- RECORDED INFORMATION:
□ □ □

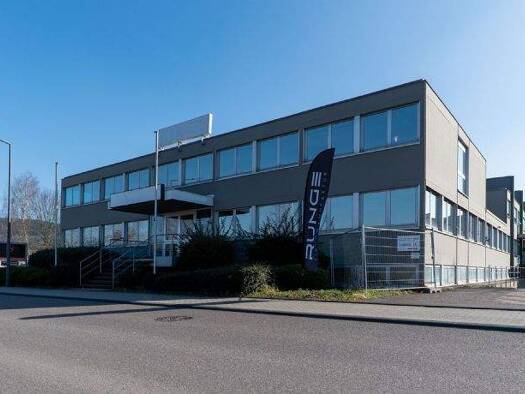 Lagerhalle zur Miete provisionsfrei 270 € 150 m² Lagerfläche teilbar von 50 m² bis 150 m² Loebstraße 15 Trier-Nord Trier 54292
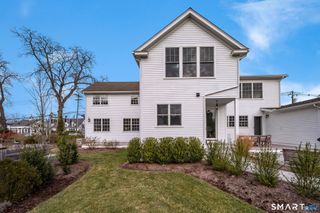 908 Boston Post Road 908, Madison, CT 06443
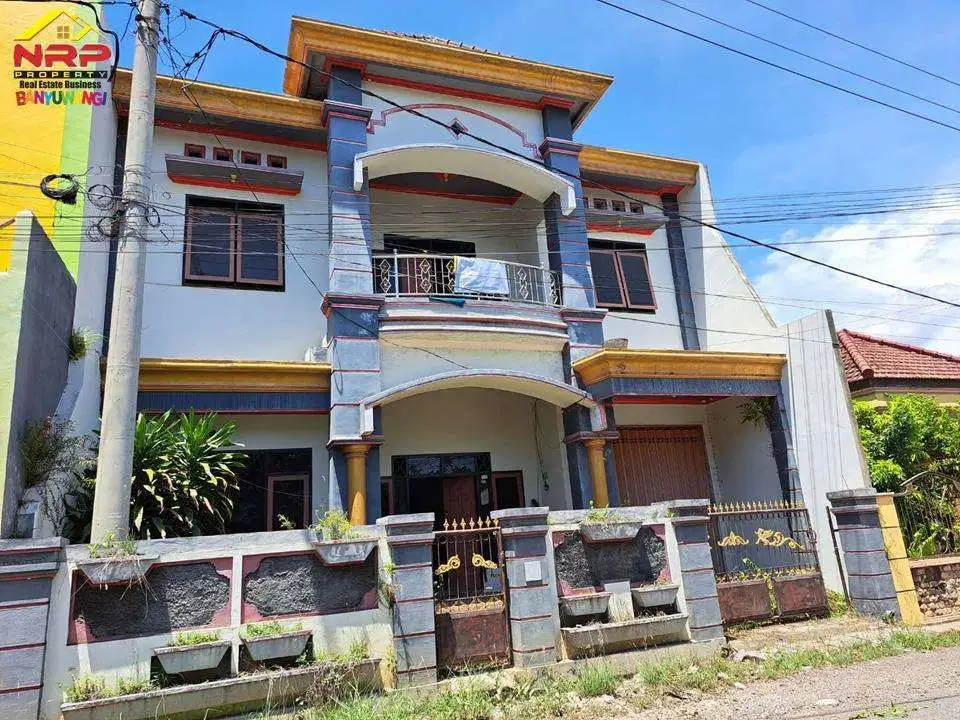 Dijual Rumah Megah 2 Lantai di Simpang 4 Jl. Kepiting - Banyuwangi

□ □ □

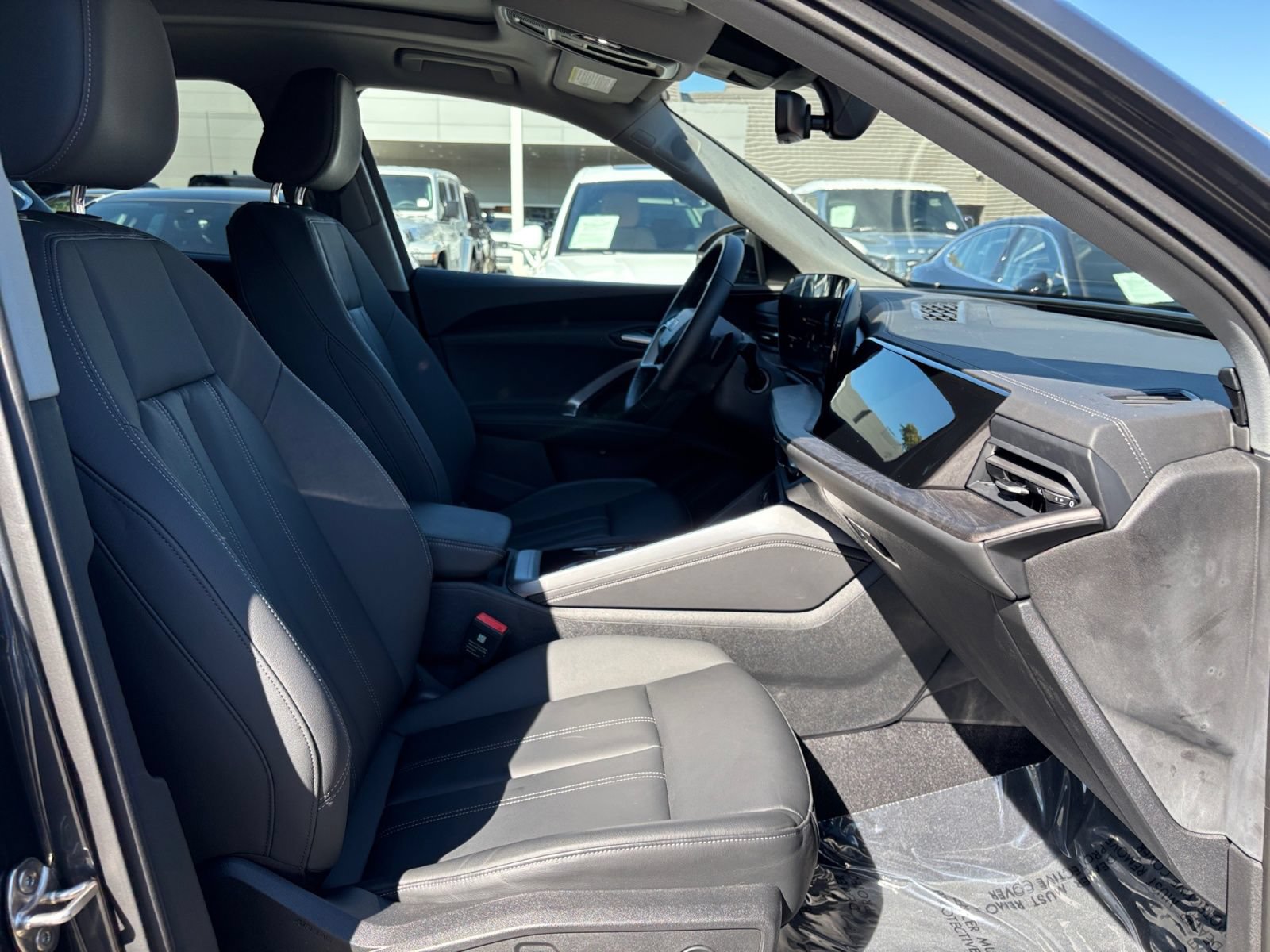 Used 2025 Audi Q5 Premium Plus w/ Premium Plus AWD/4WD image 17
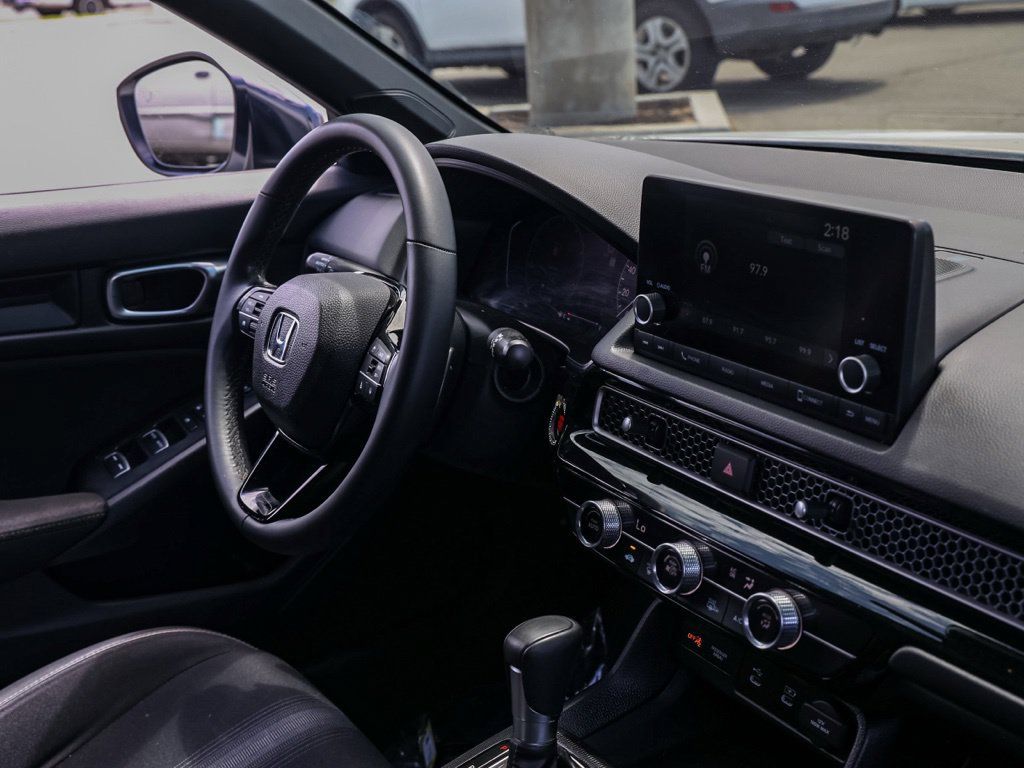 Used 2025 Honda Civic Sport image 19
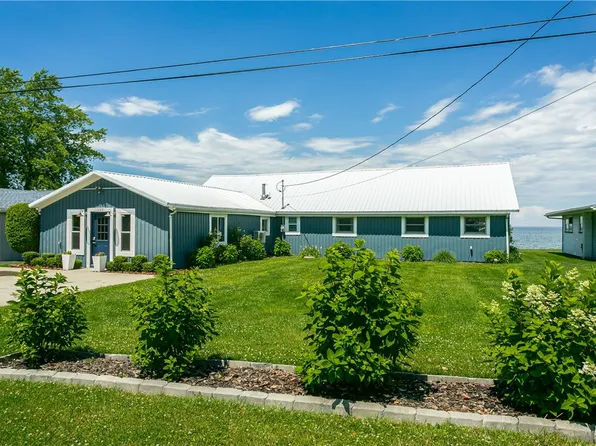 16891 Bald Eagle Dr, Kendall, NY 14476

□ □ □

- REQUIRED ACTION: The reply should hold the entries above from the line with "Lagerhalle zur Miete" to the line with "Dijual Rumah Megah", duplicated exactly, pictures excluded.

- YOUR SOLUTION:
 Lagerhalle zur Miete provisionsfrei 270 € 150 m² Lagerfläche teilbar von 50 m² bis 150 m² Loebstraße 15 Trier-Nord Trier 54292
 908 Boston Post Road 908, Madison, CT 06443
 Dijual Rumah Megah 2 Lantai di Simpang 4 Jl. Kepiting - Banyuwangi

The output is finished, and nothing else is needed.